# Man I am an IDIOT!



## WayneCustom7 (Jan 20, 2006)

Well lately I have been working on my tone, since, as some of you may know, I had to do some re-shaping so that we mix together better as a band! Well, things were coming along nicely, I was going through all of the settings and then I came to a button on my ToneLab SE *Presence/NR*. Now I thought this button controlled ONLY the Noise Reduction. In other words I thought the presence part controlled how present the noise reduction was, and naturally it was set LOW...so fuck when I realized it was actually PRESENCE I flipped, cranked it WAY up, and almost passed out by the searing crunch which now blew out of my 4x12. That was one of my problems all along...NO PRECENSE...somebody hit me with a frying pan please!


----------



## nitelightboy (Jan 20, 2006)

<bang> You have been hit!


----------



## Leon (Jan 20, 2006)

presents rule 

(i have my presence dialed high as well.)


----------



## WayneCustom7 (Jan 20, 2006)

It's like night and day, now I can turn the gain down if I want...can someone remind me please of how stupid I can be...I should just learn to read manuals and become aquainted with things first before jumping in head first...come to think of it, that's the story of my life


----------



## Leon (Jan 20, 2006)

i rarely read manuals. but, i'm also a knob-tweaker, so i find out what everything does on a fairly short timescale.
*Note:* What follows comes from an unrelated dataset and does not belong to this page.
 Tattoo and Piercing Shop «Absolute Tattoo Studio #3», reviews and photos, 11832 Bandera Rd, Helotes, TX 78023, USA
on the upside, you'll NEVER FORGET about the presence control!


----------



## WayneCustom7 (Jan 20, 2006)

Leon said:


> i rarely read manuals. but, i'm also a knob-tweaker, so i find out what everything does on a fairly short timescale.
> 
> on the upside, you'll NEVER FORGET about the presence control!


Amen to that. It's like I've purchased a whole new setup, man I've got crunch coming out of my a-hole for shit's sake...


----------



## darren (Jan 20, 2006)

WayneCustom7 said:


> Amen to that. It's like I've purchased a whole new setup, man I've got crunch coming out of my a-hole for shit's sake...


I won't ask how the crunch got in there in the first place.


----------



## nitelightboy (Jan 20, 2006)

WayneCustom7 said:


> ...can someone remind me please of how stupid I can be...I should just learn to read manuals and become aquainted with things first before jumping in head first...come to think of it, that's the story of my life




It's OK, you're Canadian, but I thought you guys had a better education system up there...oh well for that thought! HAHA!

I usually leave my presence between 12:00 and 3:00, gives me a good tone.


----------



## Shannon (Jan 20, 2006)

READ THE MANUAL from now on. That is all.


----------



## Naren (Jan 20, 2006)

I don't usually read manuals, but like Leon, I find out what every single knob, button, and switch on my amp does so that I can set them appropriately. If, for some reason, I can't figure that out by switching it on manually, I'll look at a manual for the explanation (I've searched online in the past for the answer to some questions).


----------



## The Dark Wolf (Jan 21, 2006)

Strange. I always read any manual I get. it's the only way to adequately amd thoroughly learn a piece of technology, IMO.


----------